I am trying to find the differential of $J$ below, in order to eventually find $\partial J/ \partial U$
$J = (I-Ur)^T(I-Ur)$
Let $a= I-Ur$
$\textbf{d}J = \textbf{d}(a^Ta) = \textbf{d}(a^T)a + a^T\textbf{d}a = (\textbf{d}a)^Ta + a^T\textbf{d}a = 2a^T\textbf{d}a$
Next, I try to find $\textbf{d}a$
$\textbf{d}a = \textbf{d}(I-Ur) =\textbf{d}(I) - \textbf{d}(Ur) = 0 - (\textbf{d}U)r - U\textbf{d}r$
Therefore, $\textbf{d}J = -2(I-Ur)^T((\textbf{d}U)r - U\textbf{d}r)$
Since I am interested in finding $\partial J/ \partial U$, I will treat $r$ as a constant, such that $\textbf{d}r=0$
So now I have:
$\textbf{d}J = -2(I-Ur)^T(\textbf{d}U)r$
I can't figure out how to bring the $\textbf{d}U$ term to the far right in order to turn this expression into the derivative that I want.

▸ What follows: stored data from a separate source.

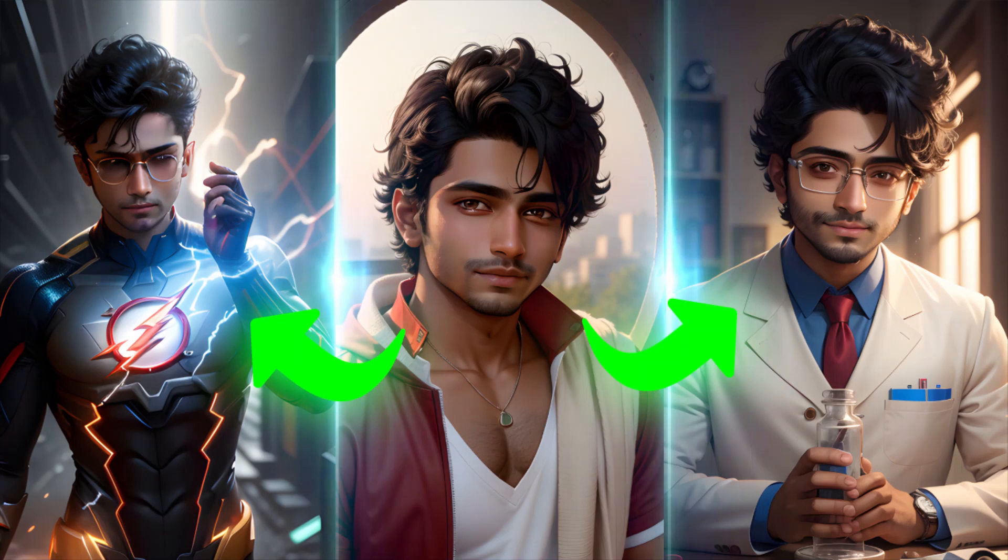Hi guys, this is Daniel from FND. In this video we're going to see how to generate consistent characters in Stable Diffusion using Playground AI. So let's get started.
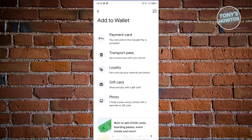From here, it's going to ask you what type of card or pass you want to add into Wallet. You have multiple options: payment card, transport pass, loyalty, gift card, or photo.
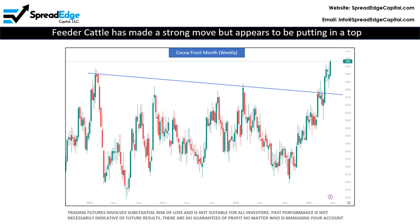Cocoa broke through the downward trend line in late March and has continued higher. Cocoa is now extended and most likely to retrace back to the breakout point.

For example, if it were the case that I ended up with this expression instead: $\textbf{d}J = -2(I-Ur)^Tr(\textbf{d}U)$
then I would have
$\partial J/ \partial U^T = -2(I-Ur)^Tr$ , and therefore:
$\partial J/ \partial U = -2\left((I-Ur)^Tr\right)^T = -2r^T(I-Ur)$
And I would be done! How do I turn the expression that I ended up with into the kind of expression that will give me the derivative I want?
Use the cyclic property of the trace and the fact that the trace of a scalar (or is it a $1\times1$ matrix?) equals the scalar value. $$\eqalign{ dJ &= -2\,a^TdU\,r \\ &= \operatorname{tr}(-2a^TdU\,r) \\ &= \operatorname{tr}(-2ra^TdU) \\ }$$ The gradient is then defined to be $$\frac{\partial J}{\partial U} = -2ra^T$$ $\ldots$or the transpose of this, depending on your preferred layout convention.